TASK GOAL:
The answer must consist of each line below that contains the word "Jewelry", copied in full.

┄┄┄┄┄┄┄┄┄┄┄┄┄┄┄┄┄┄┄┄

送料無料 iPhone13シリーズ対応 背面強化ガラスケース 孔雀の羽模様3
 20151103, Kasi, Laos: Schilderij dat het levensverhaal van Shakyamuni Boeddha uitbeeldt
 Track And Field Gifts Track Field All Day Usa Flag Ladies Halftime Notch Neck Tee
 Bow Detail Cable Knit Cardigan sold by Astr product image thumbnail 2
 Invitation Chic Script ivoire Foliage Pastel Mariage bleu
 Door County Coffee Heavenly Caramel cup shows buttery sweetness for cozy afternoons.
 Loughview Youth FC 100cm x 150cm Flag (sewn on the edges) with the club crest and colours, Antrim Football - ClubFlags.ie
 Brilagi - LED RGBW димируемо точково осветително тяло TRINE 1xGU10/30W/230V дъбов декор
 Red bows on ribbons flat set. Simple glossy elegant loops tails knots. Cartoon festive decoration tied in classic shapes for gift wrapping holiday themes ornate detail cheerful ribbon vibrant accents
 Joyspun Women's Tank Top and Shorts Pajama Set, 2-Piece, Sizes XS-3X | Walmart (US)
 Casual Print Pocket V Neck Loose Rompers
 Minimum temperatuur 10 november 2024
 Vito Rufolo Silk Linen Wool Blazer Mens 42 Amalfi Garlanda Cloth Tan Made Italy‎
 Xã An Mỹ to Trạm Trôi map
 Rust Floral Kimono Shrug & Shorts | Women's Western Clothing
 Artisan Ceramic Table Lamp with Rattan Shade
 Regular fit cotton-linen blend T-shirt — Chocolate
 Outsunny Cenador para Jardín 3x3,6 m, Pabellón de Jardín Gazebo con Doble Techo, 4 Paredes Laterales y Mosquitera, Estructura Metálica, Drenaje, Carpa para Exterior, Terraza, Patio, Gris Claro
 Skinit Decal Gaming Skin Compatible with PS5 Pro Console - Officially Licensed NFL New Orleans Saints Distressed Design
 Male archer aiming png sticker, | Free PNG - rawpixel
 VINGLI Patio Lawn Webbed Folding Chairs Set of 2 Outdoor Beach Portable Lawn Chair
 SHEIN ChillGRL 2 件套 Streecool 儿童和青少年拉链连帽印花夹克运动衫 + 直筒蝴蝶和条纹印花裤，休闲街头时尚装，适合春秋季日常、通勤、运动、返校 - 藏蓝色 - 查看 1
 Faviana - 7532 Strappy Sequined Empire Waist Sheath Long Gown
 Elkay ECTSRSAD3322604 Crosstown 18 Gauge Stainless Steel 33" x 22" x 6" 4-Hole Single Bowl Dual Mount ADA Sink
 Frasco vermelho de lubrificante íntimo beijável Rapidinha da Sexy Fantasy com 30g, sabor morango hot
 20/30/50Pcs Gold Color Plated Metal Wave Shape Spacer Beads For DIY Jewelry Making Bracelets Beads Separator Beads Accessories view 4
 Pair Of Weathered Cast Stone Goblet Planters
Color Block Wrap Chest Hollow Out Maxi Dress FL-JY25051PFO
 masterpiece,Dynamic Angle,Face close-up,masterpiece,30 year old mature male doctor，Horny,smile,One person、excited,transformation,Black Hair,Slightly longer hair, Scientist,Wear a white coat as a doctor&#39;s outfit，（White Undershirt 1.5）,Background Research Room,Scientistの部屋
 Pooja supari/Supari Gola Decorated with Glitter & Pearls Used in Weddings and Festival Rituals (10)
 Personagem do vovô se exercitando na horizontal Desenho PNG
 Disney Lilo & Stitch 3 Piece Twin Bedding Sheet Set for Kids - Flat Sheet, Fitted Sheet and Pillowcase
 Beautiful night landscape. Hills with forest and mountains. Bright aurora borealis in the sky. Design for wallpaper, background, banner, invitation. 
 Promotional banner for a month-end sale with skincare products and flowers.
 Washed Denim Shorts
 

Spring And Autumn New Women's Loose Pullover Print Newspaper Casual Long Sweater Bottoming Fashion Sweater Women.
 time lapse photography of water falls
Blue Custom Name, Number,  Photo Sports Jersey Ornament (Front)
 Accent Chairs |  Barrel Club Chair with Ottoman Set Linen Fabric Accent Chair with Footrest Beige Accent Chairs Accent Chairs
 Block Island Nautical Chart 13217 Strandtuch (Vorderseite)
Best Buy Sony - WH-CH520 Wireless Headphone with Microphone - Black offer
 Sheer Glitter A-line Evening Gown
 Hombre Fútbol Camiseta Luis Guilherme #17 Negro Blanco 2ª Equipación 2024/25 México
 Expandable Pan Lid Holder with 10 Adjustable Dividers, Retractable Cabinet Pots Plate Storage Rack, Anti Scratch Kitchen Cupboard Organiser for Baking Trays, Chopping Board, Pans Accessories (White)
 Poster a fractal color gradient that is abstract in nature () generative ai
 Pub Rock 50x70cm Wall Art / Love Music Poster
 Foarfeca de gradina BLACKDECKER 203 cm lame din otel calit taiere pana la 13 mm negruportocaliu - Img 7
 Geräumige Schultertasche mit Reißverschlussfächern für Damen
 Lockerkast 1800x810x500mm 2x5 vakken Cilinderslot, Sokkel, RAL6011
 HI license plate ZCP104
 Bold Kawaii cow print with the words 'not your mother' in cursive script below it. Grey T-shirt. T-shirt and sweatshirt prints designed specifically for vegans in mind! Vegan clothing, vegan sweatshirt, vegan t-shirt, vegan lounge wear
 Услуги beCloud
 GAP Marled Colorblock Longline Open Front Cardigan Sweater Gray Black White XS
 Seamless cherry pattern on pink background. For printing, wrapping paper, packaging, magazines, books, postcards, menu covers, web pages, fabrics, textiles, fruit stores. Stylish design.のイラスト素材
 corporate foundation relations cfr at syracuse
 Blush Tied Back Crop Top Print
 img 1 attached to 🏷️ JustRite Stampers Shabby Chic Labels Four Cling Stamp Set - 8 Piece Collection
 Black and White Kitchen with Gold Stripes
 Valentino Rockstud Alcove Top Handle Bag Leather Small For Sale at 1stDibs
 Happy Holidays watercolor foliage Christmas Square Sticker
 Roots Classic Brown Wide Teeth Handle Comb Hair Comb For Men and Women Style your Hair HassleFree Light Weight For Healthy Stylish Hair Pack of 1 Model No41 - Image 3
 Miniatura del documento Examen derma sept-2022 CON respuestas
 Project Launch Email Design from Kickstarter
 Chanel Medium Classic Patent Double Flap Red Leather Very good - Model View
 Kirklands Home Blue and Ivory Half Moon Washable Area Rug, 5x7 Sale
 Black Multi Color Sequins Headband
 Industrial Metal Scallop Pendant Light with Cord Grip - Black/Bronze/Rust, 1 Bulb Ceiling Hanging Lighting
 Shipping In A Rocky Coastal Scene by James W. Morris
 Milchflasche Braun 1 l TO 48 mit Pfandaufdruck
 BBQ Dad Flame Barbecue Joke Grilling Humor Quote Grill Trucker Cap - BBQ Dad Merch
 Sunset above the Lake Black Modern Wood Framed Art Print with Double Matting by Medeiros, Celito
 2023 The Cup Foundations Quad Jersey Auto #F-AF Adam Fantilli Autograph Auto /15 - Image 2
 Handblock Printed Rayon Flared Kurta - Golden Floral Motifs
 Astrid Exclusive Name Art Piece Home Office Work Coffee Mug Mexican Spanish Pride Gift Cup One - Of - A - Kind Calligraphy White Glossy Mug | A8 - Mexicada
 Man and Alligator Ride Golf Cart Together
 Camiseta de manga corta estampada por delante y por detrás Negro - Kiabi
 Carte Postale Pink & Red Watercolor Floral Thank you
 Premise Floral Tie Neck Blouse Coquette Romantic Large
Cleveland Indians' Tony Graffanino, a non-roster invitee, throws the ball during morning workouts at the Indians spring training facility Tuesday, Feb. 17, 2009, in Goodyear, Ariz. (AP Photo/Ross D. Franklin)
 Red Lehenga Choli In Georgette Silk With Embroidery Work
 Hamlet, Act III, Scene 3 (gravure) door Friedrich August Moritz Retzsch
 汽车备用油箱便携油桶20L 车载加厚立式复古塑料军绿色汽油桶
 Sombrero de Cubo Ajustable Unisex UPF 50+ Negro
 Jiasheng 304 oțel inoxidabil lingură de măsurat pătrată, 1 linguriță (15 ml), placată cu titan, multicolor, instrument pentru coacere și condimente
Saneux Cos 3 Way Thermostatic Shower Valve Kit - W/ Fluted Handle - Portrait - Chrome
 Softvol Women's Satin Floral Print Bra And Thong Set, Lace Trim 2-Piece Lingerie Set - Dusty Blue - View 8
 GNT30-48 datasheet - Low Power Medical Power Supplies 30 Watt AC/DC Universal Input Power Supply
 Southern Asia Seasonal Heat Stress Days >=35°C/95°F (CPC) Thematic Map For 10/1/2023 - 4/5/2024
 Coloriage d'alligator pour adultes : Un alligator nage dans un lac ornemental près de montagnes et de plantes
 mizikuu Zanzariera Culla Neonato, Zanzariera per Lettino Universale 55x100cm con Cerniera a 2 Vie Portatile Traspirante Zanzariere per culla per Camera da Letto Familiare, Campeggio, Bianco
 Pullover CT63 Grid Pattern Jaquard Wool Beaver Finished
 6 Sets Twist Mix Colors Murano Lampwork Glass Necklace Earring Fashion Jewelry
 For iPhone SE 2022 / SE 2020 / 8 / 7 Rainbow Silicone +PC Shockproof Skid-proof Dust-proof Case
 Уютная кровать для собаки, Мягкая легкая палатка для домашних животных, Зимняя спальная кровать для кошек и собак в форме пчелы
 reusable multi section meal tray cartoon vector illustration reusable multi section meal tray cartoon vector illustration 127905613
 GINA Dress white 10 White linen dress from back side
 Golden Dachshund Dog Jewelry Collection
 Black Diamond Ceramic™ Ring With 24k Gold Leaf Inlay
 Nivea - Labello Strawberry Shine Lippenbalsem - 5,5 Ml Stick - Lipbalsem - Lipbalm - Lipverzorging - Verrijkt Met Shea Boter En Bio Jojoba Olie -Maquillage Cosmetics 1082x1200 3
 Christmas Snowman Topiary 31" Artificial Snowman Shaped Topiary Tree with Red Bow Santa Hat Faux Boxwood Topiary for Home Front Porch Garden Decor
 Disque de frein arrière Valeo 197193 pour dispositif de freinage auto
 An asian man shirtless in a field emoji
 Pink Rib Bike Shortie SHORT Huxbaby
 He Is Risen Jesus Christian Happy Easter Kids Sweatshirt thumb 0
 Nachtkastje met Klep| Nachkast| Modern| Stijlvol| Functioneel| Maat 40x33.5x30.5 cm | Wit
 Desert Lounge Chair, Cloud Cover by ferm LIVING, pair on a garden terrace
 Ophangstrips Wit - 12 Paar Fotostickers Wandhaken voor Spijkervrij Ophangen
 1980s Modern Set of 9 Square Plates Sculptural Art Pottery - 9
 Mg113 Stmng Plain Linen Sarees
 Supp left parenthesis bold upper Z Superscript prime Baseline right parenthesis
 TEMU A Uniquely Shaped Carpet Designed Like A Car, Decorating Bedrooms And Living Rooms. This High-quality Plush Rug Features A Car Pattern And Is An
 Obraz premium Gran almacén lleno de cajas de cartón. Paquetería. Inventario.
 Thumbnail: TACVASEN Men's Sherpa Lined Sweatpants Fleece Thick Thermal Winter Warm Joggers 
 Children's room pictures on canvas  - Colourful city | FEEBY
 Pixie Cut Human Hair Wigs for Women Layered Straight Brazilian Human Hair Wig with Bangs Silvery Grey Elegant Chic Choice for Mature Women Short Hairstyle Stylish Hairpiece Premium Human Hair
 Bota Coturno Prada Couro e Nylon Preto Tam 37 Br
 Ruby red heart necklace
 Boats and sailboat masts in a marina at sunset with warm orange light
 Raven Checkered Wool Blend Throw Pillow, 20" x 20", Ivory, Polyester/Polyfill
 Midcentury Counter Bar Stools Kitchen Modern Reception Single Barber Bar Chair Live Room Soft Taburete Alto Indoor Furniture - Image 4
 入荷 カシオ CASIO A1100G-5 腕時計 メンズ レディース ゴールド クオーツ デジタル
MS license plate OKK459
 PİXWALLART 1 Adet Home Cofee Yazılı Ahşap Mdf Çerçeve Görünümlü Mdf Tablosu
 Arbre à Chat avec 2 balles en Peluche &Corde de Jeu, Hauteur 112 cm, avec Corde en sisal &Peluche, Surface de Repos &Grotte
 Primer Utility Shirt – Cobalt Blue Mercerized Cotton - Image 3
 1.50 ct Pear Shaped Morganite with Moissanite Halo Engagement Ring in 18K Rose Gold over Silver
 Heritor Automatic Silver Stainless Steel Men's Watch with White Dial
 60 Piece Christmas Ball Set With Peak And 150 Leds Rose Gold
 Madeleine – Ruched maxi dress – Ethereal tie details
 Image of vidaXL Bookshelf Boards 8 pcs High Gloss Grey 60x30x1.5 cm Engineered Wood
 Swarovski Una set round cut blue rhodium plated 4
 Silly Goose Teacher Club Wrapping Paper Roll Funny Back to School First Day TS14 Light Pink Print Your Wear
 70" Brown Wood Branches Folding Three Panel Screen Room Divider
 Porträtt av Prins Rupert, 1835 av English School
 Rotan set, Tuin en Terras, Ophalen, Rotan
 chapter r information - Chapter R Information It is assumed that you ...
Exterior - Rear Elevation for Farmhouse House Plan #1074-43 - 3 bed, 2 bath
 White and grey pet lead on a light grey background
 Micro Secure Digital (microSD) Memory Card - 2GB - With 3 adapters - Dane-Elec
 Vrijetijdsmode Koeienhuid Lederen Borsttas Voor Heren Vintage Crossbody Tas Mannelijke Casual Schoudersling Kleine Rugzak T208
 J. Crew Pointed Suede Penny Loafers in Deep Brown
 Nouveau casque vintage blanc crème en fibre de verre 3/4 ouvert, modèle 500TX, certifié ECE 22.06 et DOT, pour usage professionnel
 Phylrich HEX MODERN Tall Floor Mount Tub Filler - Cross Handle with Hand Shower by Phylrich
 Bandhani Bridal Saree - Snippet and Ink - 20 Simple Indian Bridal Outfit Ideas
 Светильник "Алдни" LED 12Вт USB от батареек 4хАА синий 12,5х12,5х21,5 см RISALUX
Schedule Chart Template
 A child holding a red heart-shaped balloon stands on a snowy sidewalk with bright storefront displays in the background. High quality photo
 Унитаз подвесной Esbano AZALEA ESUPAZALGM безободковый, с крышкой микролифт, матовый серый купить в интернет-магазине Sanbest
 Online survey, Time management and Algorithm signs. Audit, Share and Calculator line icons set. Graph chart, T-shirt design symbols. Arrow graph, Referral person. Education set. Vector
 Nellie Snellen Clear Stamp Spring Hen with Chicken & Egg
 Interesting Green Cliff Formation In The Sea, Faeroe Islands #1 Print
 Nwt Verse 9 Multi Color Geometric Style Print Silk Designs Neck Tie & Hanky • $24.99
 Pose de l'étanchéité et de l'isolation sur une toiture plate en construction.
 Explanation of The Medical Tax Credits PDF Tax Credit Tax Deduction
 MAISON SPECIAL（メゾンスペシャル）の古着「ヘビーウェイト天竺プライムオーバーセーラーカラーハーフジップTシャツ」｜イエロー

┄┄┄┄┄┄┄┄┄┄┄┄┄┄┄┄┄┄┄┄

EXERCISE RESULT:
 20/30/50Pcs Gold Color Plated Metal Wave Shape Spacer Beads For DIY Jewelry Making Bracelets Beads Separator Beads Accessories view 4
 6 Sets Twist Mix Colors Murano Lampwork Glass Necklace Earring Fashion Jewelry
 Golden Dachshund Dog Jewelry Collection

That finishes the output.